In der Ostsee gibt es keine "freien Gewässer", also "Hohe See". Somit gilt der Artikel 56 "Rechte, Hoheitsbefugnisse und Pflichten des Küstenstaats in der ausschliesslichen Wirtschaftszone" des Seerechtsübereinkommen der Vereinten Nationen. Dort heißt es im Absatz 1 a) "1. In der ausschliesslichen Wirtschaftszone hat der Küstenstaat: a) souveräne Rechte zum Zweck der Erforschung und Ausbeutung, Erhaltung und Bewirtschaftung der lebenden und nicht lebenden natürlichen Ressour-cen der Gewässer über dem Meeresboden, des Meeresbodens und seines Untergrunds sowie hinsichtlich anderer Tätigkeiten zur wirtschaftlichen Er-forschung und Ausbeutung der Zone wie der Energieerzeugung aus Wasser, Strömung und Wind;".  Somit gilt in der gesamten Ostsee die CFP der EU.


----------



## Anglerdemo (29. November 2019)

Testudo schrieb:


> Wo liegen die Schiffe, und wie viele?



Kalingrad! Ich denke dort liegen an die 100 Fischereischiffe, die in der Ostsee aktiv sind, alle in der Größenordnung 25 bis 30 Meter. Bei AIS unter den Kürzeln MRTK und eine vierstellige Zahl zu finden (alles Schiffe mit dem Heimathafen Kalingrad).

Die sehen dann so aus:

https://www.marinetraffic.com/de/ai...0/mmsi:273450640/imo:8730194/vessel:MRTK_0770


----------



## Gelöschtes Mitglied 150887 (29. November 2019)

Ja Kaliningrad ist auch quasi die einzige Möglichkeit.

Für Weißrussland denkbar, aber für die Ukraine? Wohl eher in polnischen Häfen.

Aber so wie du es darstellst sind irgendwelche Auswüchse da nicht zu erwarten.


----------



## Anglerdemo (29. November 2019)

Testudo schrieb:


> Aber so wie du es darstellst sind irgendwelche Auswüchse da nicht zu erwarten.


 Ich stelle nur die Theorie dar . Ich weiß leider nicht, wie ernsthaft die Kontrollen in den Gebieten 25 und 26 stattfinden.

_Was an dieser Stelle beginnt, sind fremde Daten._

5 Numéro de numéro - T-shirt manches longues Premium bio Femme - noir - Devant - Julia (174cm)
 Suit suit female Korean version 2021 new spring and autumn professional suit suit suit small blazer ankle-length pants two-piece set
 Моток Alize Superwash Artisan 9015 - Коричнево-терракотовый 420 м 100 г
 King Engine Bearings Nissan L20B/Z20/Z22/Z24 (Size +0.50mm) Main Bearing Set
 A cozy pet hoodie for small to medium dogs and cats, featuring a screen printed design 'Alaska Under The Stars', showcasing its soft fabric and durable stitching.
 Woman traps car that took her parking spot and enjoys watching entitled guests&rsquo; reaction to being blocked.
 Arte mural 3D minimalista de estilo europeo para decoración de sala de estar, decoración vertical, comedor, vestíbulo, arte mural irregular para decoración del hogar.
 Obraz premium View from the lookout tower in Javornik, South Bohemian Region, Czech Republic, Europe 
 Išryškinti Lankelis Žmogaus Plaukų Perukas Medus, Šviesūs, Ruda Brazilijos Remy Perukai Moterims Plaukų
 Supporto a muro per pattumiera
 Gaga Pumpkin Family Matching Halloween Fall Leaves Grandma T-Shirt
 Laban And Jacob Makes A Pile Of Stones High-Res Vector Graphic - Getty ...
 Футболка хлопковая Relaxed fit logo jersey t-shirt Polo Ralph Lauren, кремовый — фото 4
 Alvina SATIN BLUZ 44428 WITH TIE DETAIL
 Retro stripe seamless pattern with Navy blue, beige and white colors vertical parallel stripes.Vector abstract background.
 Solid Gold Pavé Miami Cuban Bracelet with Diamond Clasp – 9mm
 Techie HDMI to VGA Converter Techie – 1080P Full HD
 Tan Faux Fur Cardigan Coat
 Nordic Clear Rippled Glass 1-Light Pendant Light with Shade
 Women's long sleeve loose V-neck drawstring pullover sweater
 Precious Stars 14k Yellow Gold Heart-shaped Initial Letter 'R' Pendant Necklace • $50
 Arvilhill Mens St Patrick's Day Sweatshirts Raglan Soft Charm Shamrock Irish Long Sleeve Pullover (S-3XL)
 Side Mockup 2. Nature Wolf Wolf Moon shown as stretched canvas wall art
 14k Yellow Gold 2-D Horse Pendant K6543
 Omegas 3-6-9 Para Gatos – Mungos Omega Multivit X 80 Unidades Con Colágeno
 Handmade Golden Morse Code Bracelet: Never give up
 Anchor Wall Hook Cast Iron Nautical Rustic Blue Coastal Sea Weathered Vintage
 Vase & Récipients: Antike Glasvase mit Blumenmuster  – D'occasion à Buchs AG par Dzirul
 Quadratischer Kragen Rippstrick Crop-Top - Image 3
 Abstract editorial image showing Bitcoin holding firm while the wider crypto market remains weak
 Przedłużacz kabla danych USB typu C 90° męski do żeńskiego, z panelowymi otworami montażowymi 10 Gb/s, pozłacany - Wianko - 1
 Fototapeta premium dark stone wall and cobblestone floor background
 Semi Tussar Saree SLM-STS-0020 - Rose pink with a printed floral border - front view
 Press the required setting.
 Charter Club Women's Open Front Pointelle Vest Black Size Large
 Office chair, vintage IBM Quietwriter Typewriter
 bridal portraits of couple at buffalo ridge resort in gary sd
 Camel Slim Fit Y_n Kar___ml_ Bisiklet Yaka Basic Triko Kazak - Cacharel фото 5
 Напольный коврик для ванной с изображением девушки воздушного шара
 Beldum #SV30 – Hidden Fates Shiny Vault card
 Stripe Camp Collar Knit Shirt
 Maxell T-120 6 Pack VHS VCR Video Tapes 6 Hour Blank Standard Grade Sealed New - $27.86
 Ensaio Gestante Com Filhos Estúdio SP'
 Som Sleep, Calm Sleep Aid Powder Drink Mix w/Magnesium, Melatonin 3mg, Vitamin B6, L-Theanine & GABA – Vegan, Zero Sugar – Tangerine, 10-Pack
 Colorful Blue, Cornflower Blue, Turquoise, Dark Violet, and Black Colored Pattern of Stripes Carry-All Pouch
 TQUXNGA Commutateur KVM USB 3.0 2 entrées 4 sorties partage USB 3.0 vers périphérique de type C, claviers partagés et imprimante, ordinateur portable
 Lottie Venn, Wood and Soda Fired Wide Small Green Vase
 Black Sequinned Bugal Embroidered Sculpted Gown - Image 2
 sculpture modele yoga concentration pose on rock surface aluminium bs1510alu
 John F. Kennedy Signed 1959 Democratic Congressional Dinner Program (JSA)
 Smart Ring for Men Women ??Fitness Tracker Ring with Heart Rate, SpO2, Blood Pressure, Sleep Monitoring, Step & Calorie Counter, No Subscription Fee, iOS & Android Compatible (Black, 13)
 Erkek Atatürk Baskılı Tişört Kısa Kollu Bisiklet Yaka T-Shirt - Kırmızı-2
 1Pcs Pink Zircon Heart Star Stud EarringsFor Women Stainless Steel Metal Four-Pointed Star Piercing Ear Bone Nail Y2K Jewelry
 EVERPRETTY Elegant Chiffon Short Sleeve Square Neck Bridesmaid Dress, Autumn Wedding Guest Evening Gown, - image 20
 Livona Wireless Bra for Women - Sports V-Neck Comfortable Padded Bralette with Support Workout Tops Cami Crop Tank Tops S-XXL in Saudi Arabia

Ich habe da ganz ehrlich meine Bedenken. Nicht ohne Grund haben wir die Situation bei Dorsch und Hering wie sie jetzt so ist


----------



## Naturliebhaber (30. November 2019)

seeschwalbe schrieb:


> was macht die E U eigentlich , wenn russische, ukrainische oder weißrussische Fischerflotten  ihre Schleppnetze
> durch die Ostsee ziehen. Wollen sie das dann mit Kriegsschiffen verhindern.



Gab es alles schon: https://de.wikipedia.org/wiki/Buttkrieg 
Ich habe in Kanada mit jemandem zusammengearbeitet, der damals als Offizier auf einem der beteiligten kanadischen Kriegsschiffe dabei war. Der hat mir erklärt, dass die kanadische Marine ausdrücklichen Befehl hatte, die Fischerei zu unterbinden, notfalls mit militärischer Konfrontation.


----------



## Gelöschtes Mitglied 11191 (30. November 2019)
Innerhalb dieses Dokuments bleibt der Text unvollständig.